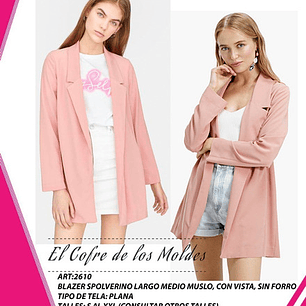 Molde Digital Chaqueta Blazer, Patron Pack Talles S Al Xxl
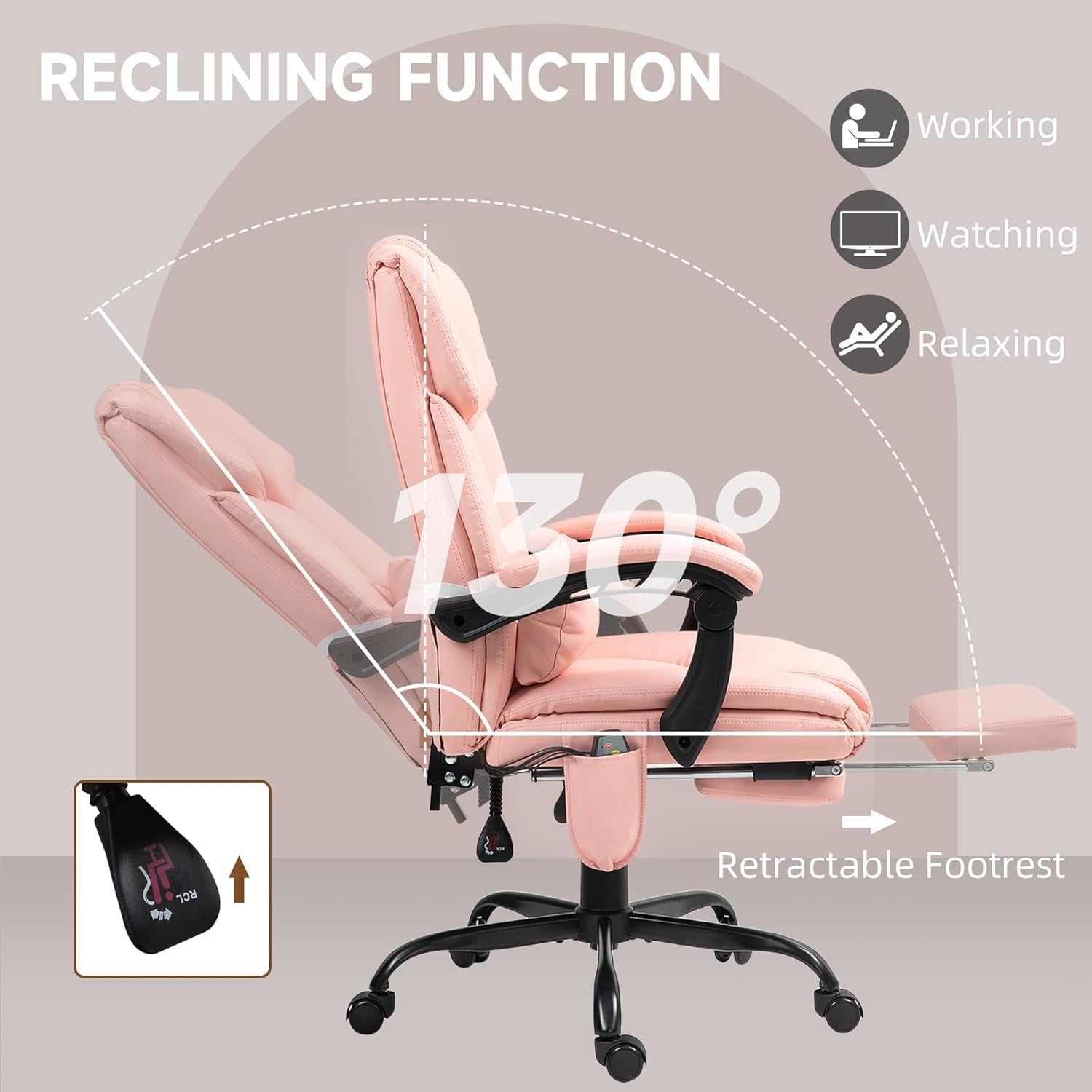 High Back Massage Office Chair with 6 Vibration Points, PU Leather Reclining Computer Chair, Ergonomic Desk Chair with Footrest Adjustable Height and Remote, Pink-4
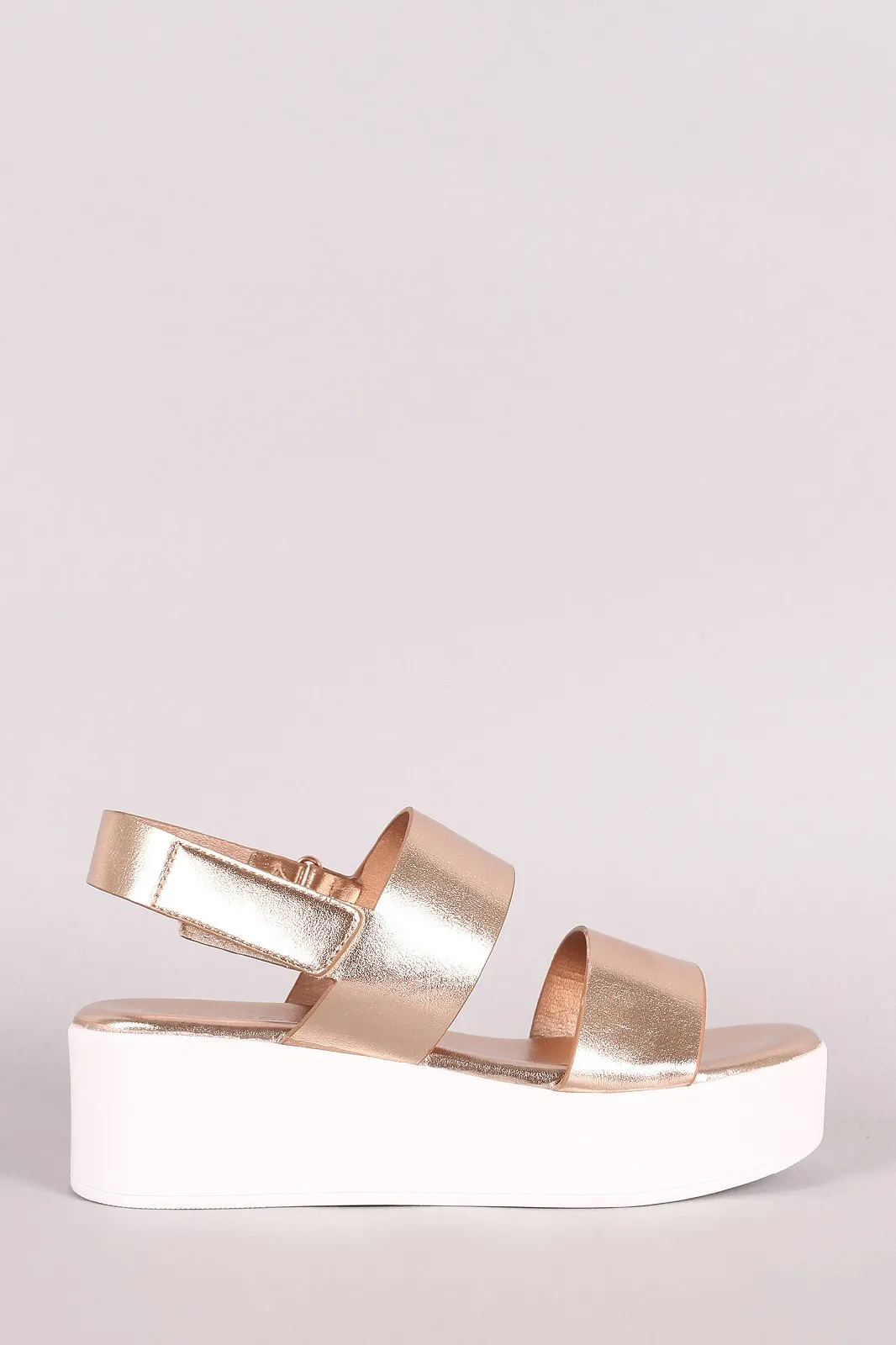 Bamboo Leather Double Band Open Toe Slingback Flatform Wedge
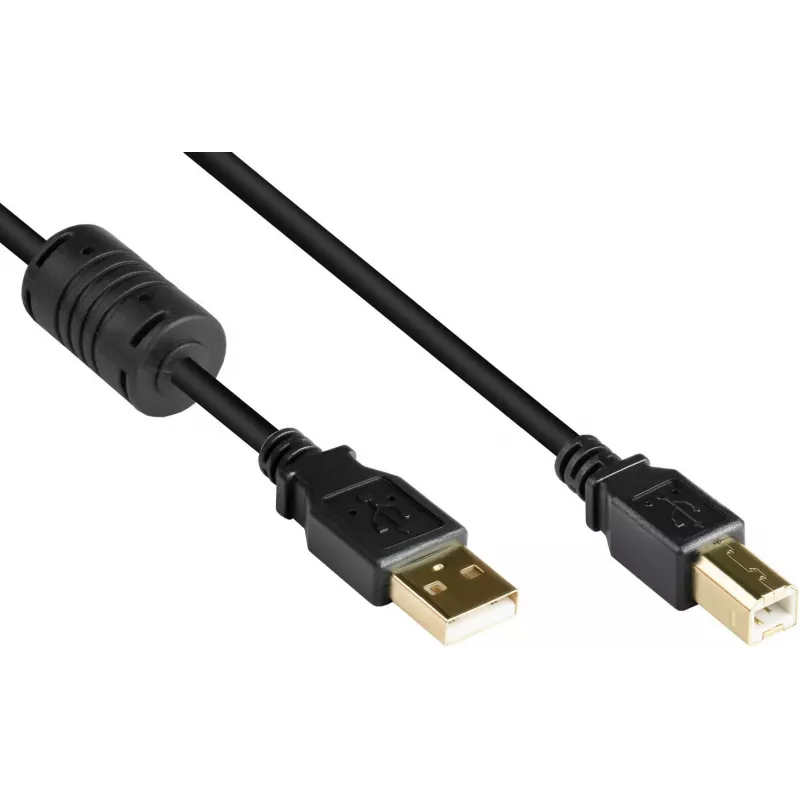 Good Connections Cable USB 2.0 A a B con núcleo de ferrita, dorado, negro, 1m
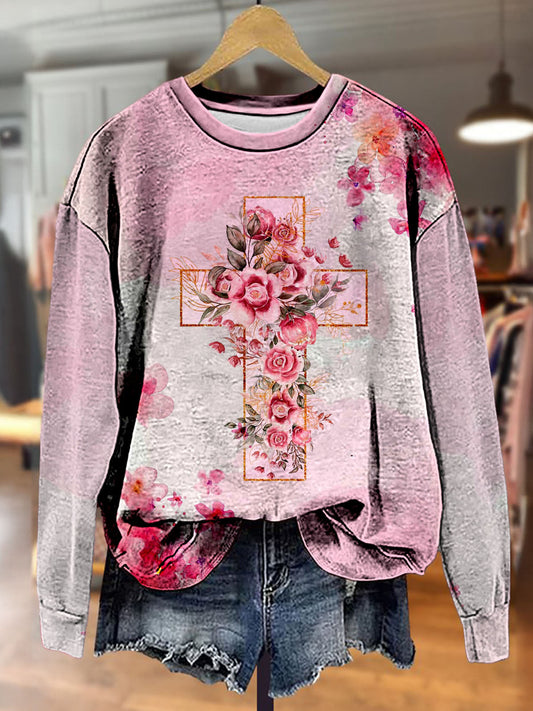 Women's Cross Flowers Faith Printed Long Sleeve Casual Top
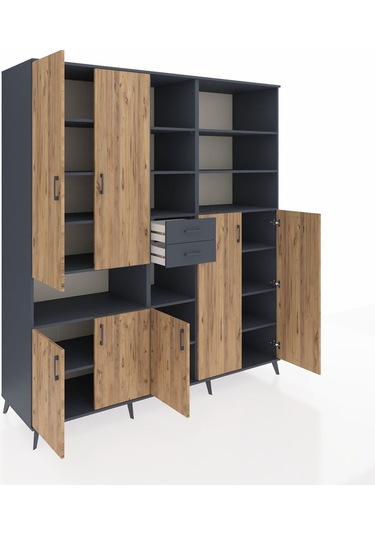Kronos Dolap 17 Raflı 2 Çekmeceli 7 Kapaklı 220x59x243 Antrasit-çam/antrasit Atlas Çam/antrasıt Kronos Dolap 17 Raflı 2 Çekmeceli 7 Kapaklı 220x59x243 Antrasit-çam/antrasit Atlas Çam/antrasıt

──────────────────────────────

WORK REQUIRED -> Transcribe every line from the records above without alteration, and leave out the images.

ANSWER TO THE EXERCISE ->
 Molde Digital Chaqueta Blazer, Patron Pack Talles S Al Xxl
 High Back Massage Office Chair with 6 Vibration Points, PU Leather Reclining Computer Chair, Ergonomic Desk Chair with Footrest Adjustable Height and Remote, Pink-4
 Bamboo Leather Double Band Open Toe Slingback Flatform Wedge
 Good Connections Cable USB 2.0 A a B con núcleo de ferrita, dorado, negro, 1m
 Women's Cross Flowers Faith Printed Long Sleeve Casual Top
Kronos Dolap 17 Raflı 2 Çekmeceli 7 Kapaklı 220x59x243 Antrasit-çam/antrasit Atlas Çam/antrasıt Kronos Dolap 17 Raflı 2 Çekmeceli 7 Kapaklı 220x59x243 Antrasit-çam/antrasit Atlas Çam/antrasıt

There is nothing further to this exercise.